The retirement of the 1960s/70s generation of academics is certain over the next five to ten years. A middle generation or two is largely missing - the 1980s people who could not get permanent academic posts during the harsh Thatcher period of spending cuts. The mass retirements are likely to coincide with a recruitment hiatus as our latest graduates emerge with huge debts into a relatively healthy economy where other jobs are available. They could be forgiven for deciding that the rigours of an academic career (for which at least another three years of study is required, followed by temporary contracts on low salaries, followed by an expectation of long hours for pay not that much higher) are not the most attractive or viable options.

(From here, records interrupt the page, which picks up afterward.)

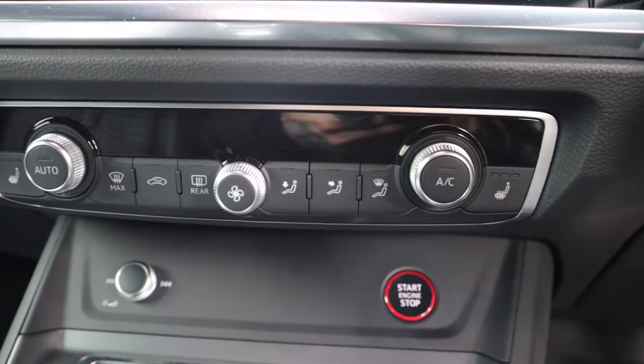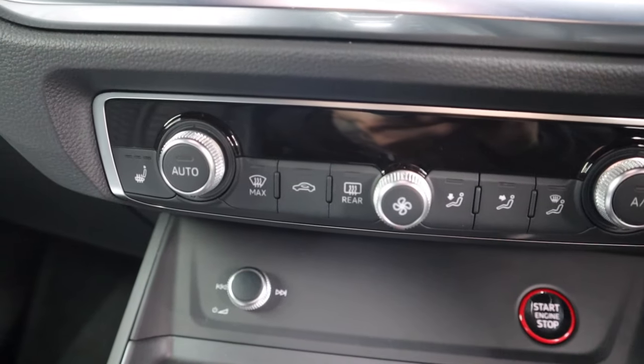One more minor nagging thing: the climate control works great but there's no sync button. On all my other cars you press sync and both sides match the same temperature - you just turn the driver's side toggle. This car doesn't have that, so I have to adjust the driver side toggle and then the passenger side toggle separately. That said, it's only an issue when I'm in the car alone - if I've got someone else in the car they'll adjust it to whatever they want.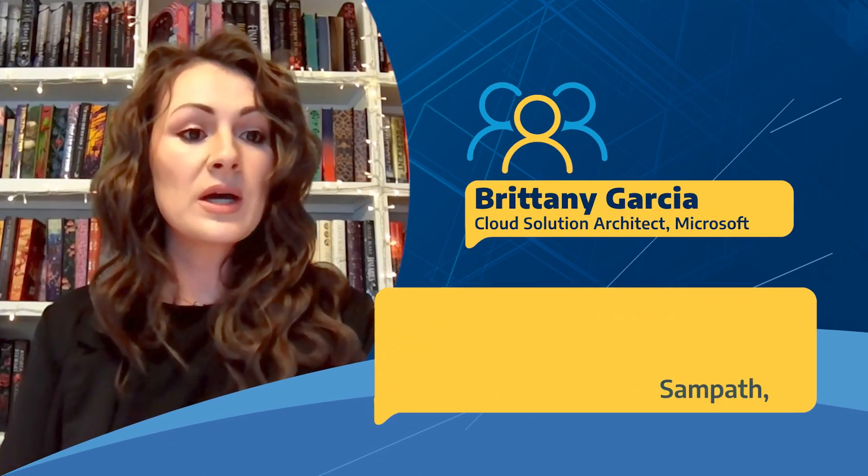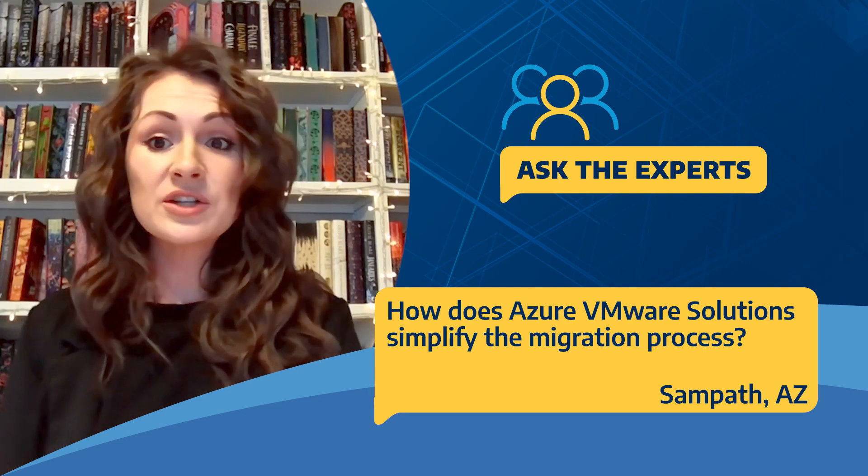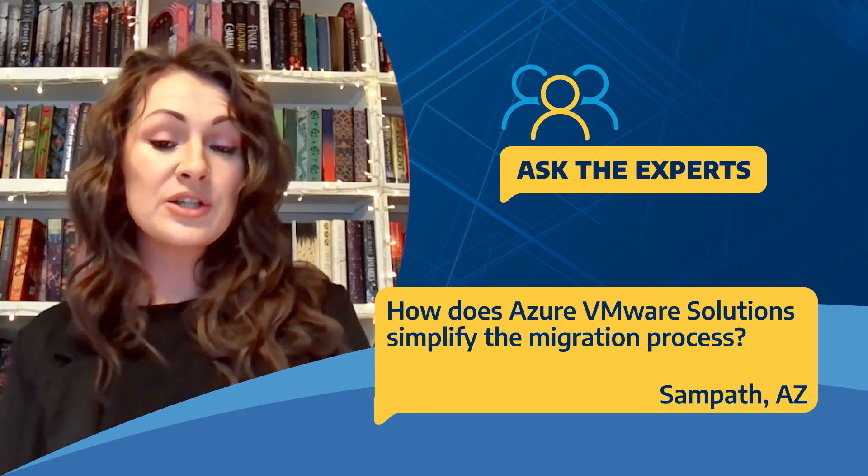Sampath in Arizona asks: how does Azure VMware Solution simplify the migration process? AVS simplifies the migration process because it's like-to-like — it's vCenter to vCenter, not vCenter to the Azure portal directly. This makes the process simplified.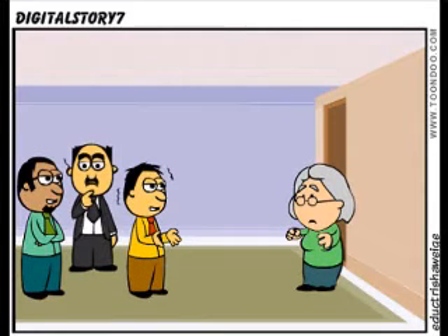Traditional methods have been working so far. Why on earth would we need technology in the classrooms now?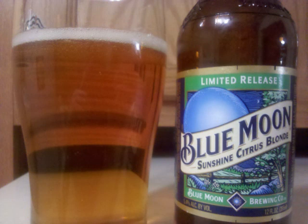Malt is a touch lighter than medium bodied and fairly actively carbonated. Professor Sud's letter grade for Blue Moon Sunshine Citrus Blonde is a C.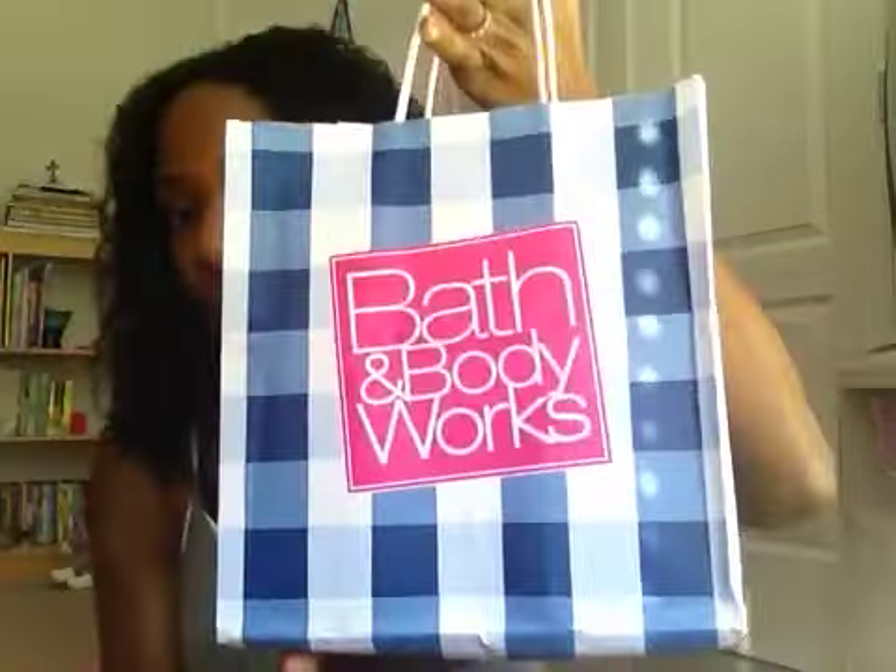I don't do these videos often enough — I go shopping and I really don't have time to record sometimes. That would have been a really good haul video. So today I'm going to try to make sure that before I dig into my goodies and put them away, I do a video. So we have Bath and Body Works, Victoria's Secret, and I've got a couple things from Aeropostale.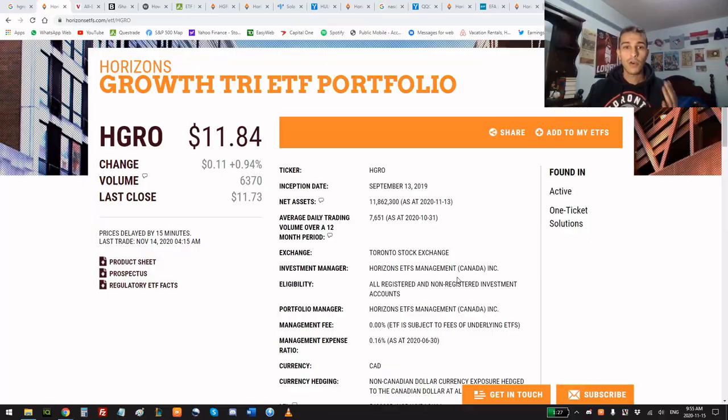The Horizons Growth ETF Portfolio trades on the Toronto Stock Exchange under the ticker HGRO. The management expense ratio is 0.16%; however, the ETF is subject to fees of underlying ETFs, which come to about 0.28%, so in total you're looking at 0.44% — let's say 0.5% to make things easy. That's $5 in fees for every $1,000 invested, versus the 2% or 2.5% MER on mutual funds, which would be $20 or $25 per $1,000 invested.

There are many reasons for this. Autonomy, status and pay have all been severely eroded since the 1970s. Stresses are greater, student-to-staff ratios have doubled, leading to a more impersonal, factory-like atmosphere, while a plethora of regulatory mechanisms, such as the research assessment exercise and a succession of teaching assessment systems, have induced an unhappy sense of constant surveillance and pressure to do more.

As the mass retirements kick in and successors are found to be thin on the ground, the government is likely to find its higher education targets foundering. Those who are persuaded to lecture are unlikely to be the brightest and most sought-after of their cohorts; universities will have to take whomever they can and adapt to a high turnover. The quality of British higher education, once internationally recognised, will have begun a downward spiral as decline in the quality of staff and poor reputation reinforce each other.

The problem of recruitment and retention of personnel is not, of course, unique to higher education. In other parts of the public sector too, staff - be they social workers, nurses, GPs, teachers, nursery staff or even forensic pathologists - are in short supply. They are largely an ageing workforce; about one-third of public-sector workers are in their 50s. The source of the problem might be referred to as "the public-sector paradox" - if the government tries to improve the quality of services to "consumers" by over-regulating, overmonitoring, pressuring and exploiting those who deliver them, the quality will decline in the long term because it will be difficult to find staff.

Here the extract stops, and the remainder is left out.